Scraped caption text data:
○ ○ ○ ○ ○ ○ ○

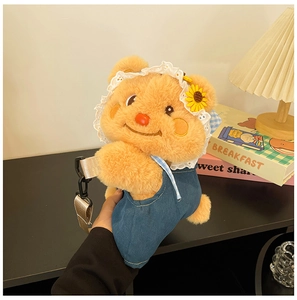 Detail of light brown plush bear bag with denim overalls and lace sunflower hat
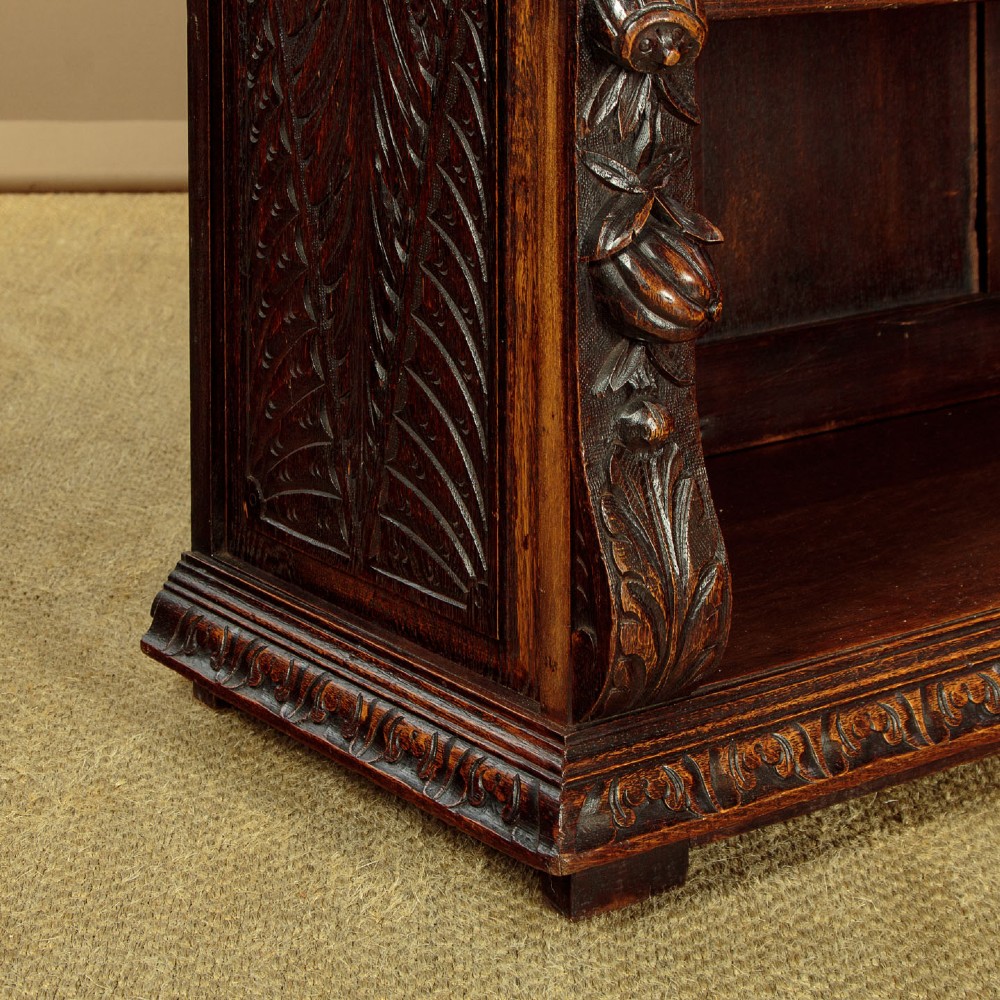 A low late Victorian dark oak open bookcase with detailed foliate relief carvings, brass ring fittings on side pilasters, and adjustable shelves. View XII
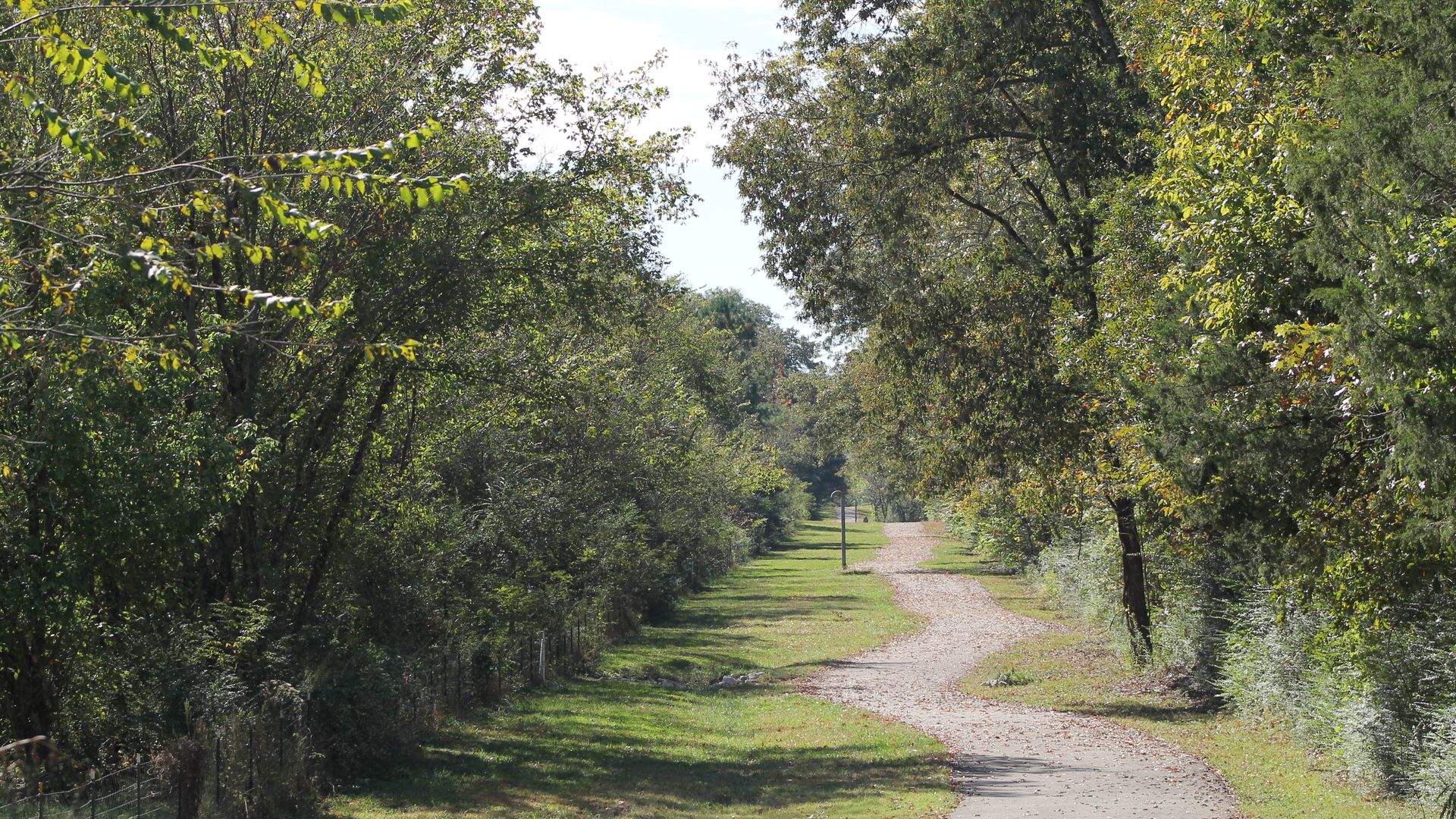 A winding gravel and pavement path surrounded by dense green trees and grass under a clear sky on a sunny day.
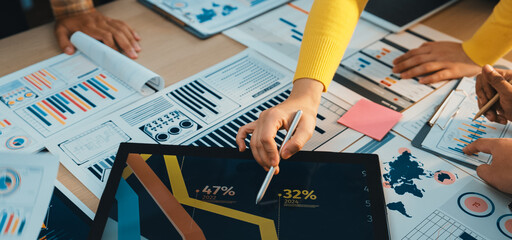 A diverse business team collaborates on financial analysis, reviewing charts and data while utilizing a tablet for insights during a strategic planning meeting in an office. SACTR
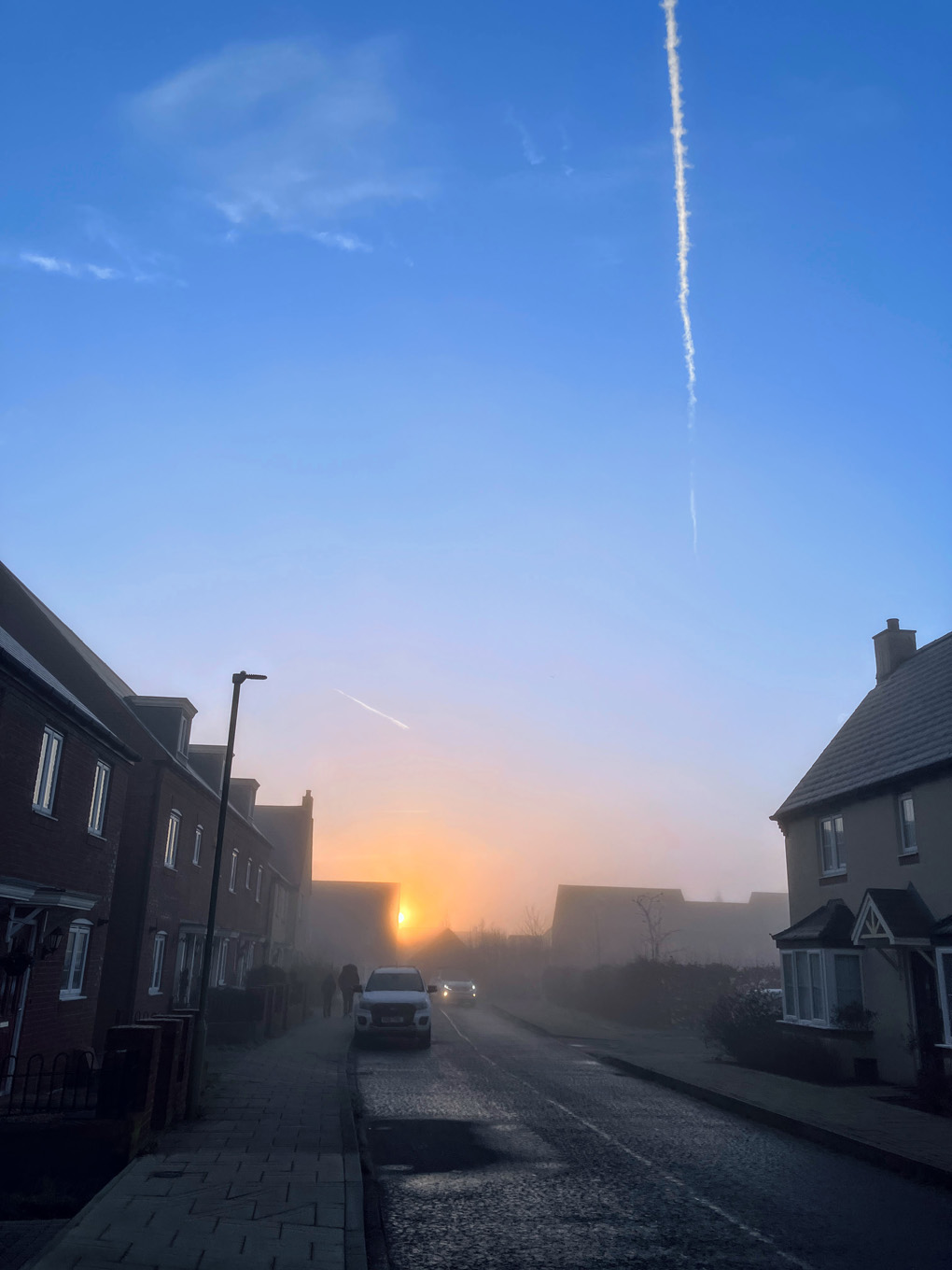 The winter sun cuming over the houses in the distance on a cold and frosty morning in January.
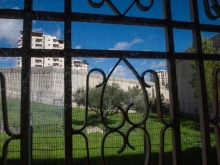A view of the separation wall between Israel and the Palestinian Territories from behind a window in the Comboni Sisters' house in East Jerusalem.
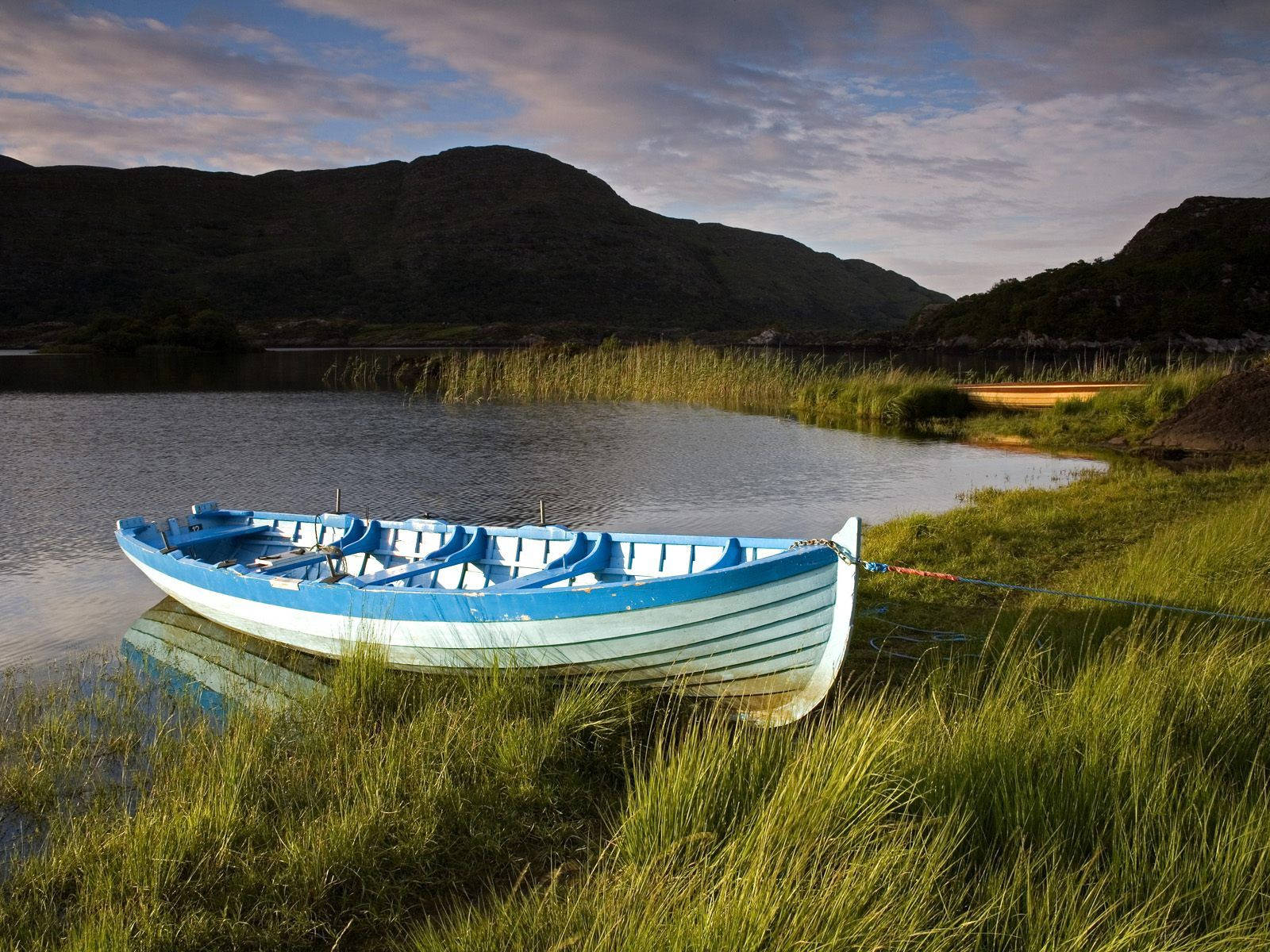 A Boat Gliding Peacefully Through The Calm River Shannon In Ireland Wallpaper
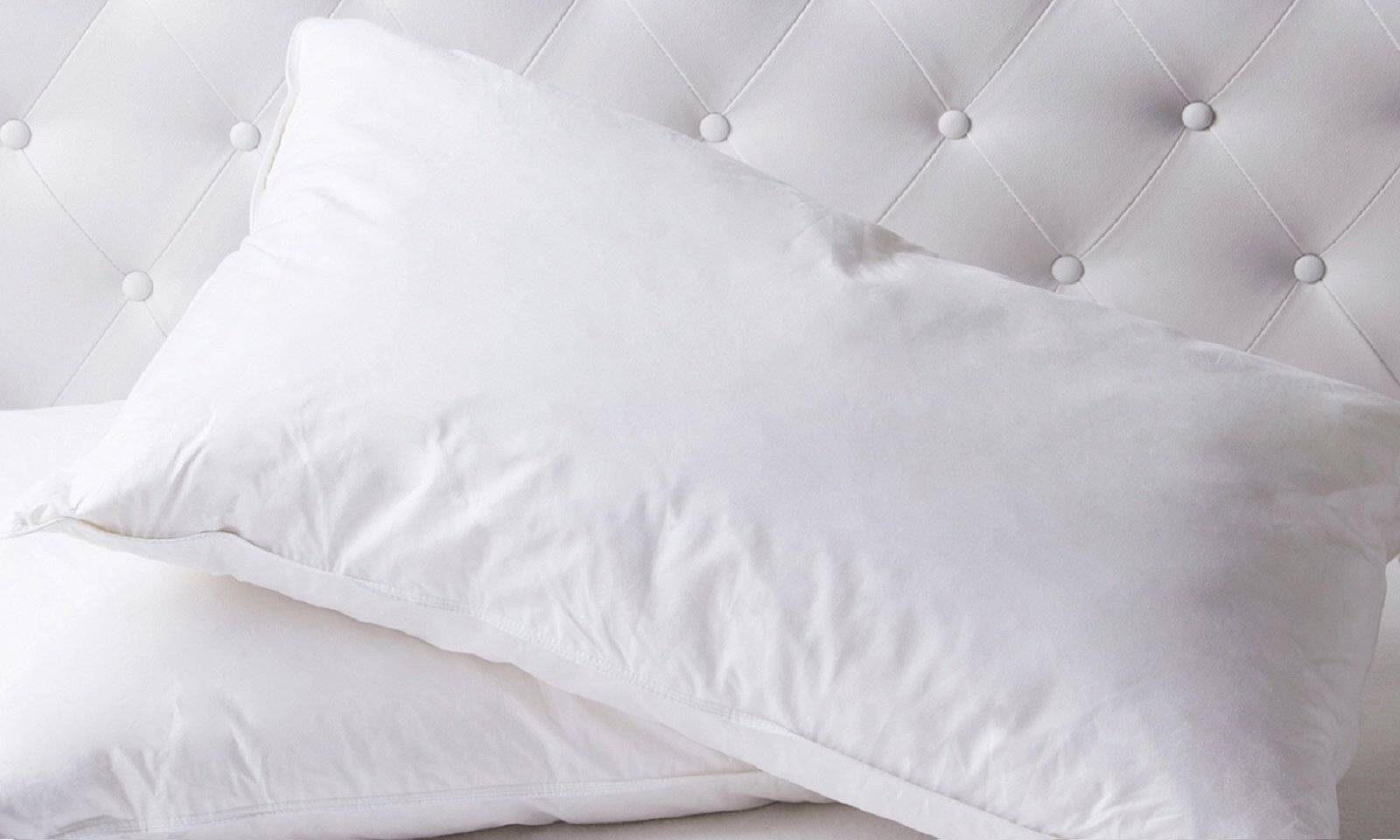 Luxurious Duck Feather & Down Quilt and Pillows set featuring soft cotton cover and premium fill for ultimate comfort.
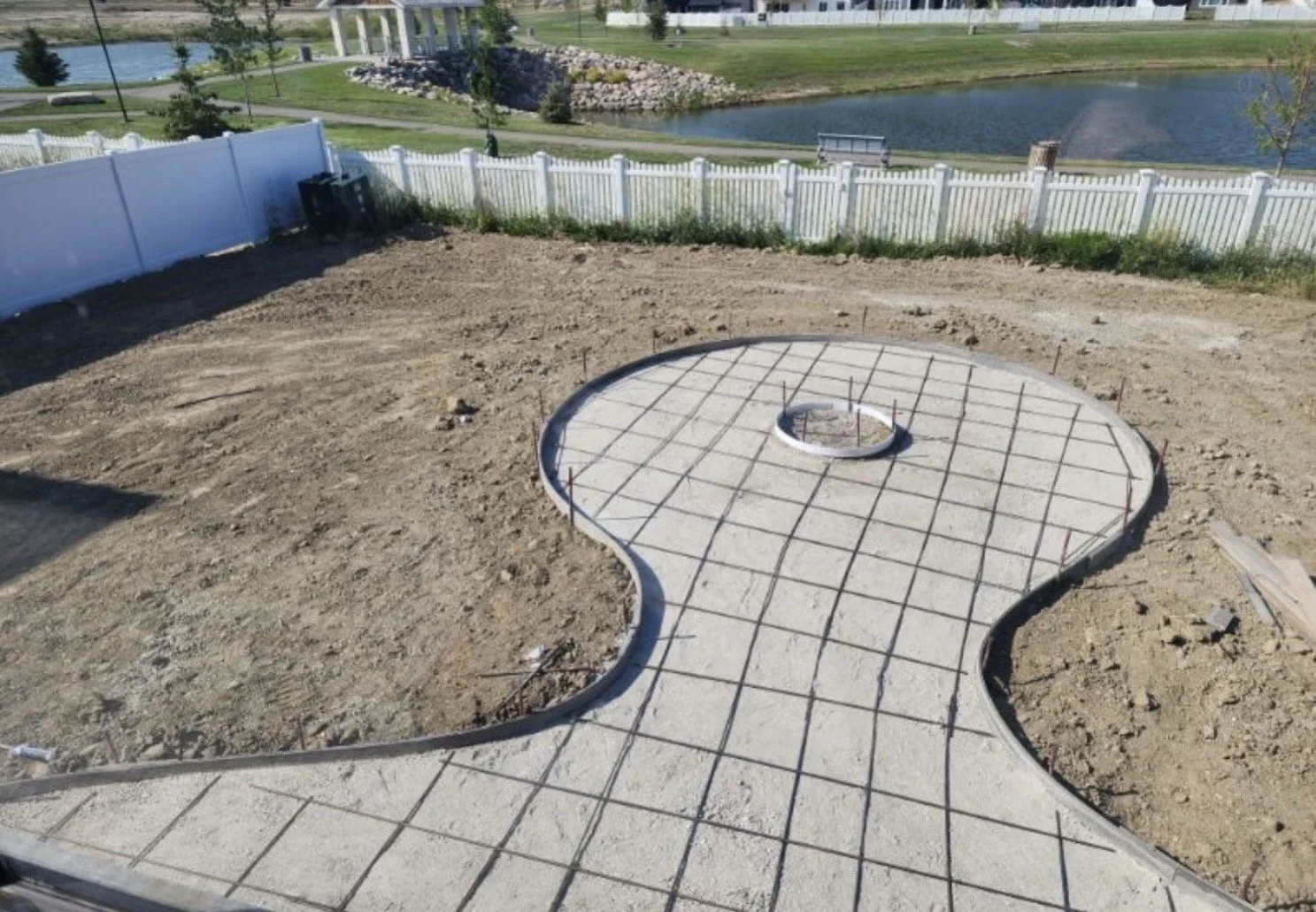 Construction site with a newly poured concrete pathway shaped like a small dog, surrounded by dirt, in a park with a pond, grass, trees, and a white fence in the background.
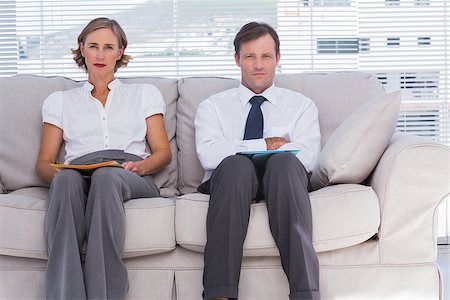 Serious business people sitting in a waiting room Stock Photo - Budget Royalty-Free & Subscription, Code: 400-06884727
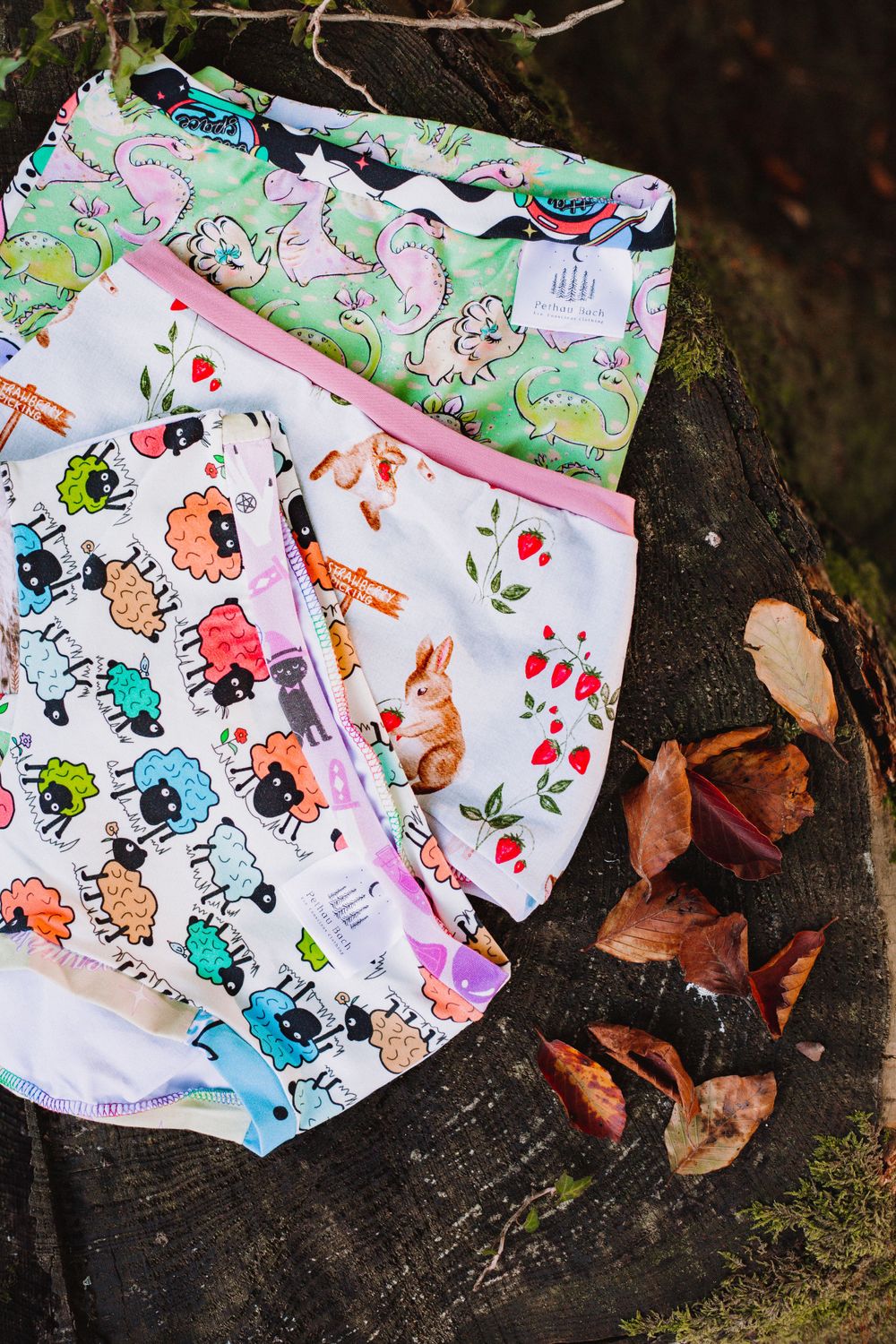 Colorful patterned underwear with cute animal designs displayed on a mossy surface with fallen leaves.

○ ○ ○ ○ ○ ○ ○

**DESCRIPTION OF THE TASK:**
The answer is the complete set of records, copied exactly, with pictures omitted.

**WRITTEN ANSWER:**
 Detail of light brown plush bear bag with denim overalls and lace sunflower hat
 A low late Victorian dark oak open bookcase with detailed foliate relief carvings, brass ring fittings on side pilasters, and adjustable shelves. View XII
 A winding gravel and pavement path surrounded by dense green trees and grass under a clear sky on a sunny day.
 A diverse business team collaborates on financial analysis, reviewing charts and data while utilizing a tablet for insights during a strategic planning meeting in an office. SACTR
 The winter sun cuming over the houses in the distance on a cold and frosty morning in January.
A view of the separation wall between Israel and the Palestinian Territories from behind a window in the Comboni Sisters' house in East Jerusalem.
 A Boat Gliding Peacefully Through The Calm River Shannon In Ireland Wallpaper
 Luxurious Duck Feather & Down Quilt and Pillows set featuring soft cotton cover and premium fill for ultimate comfort.
 Construction site with a newly poured concrete pathway shaped like a small dog, surrounded by dirt, in a park with a pond, grass, trees, and a white fence in the background.
 Serious business people sitting in a waiting room Stock Photo - Budget Royalty-Free & Subscription, Code: 400-06884727
 Colorful patterned underwear with cute animal designs displayed on a mossy surface with fallen leaves.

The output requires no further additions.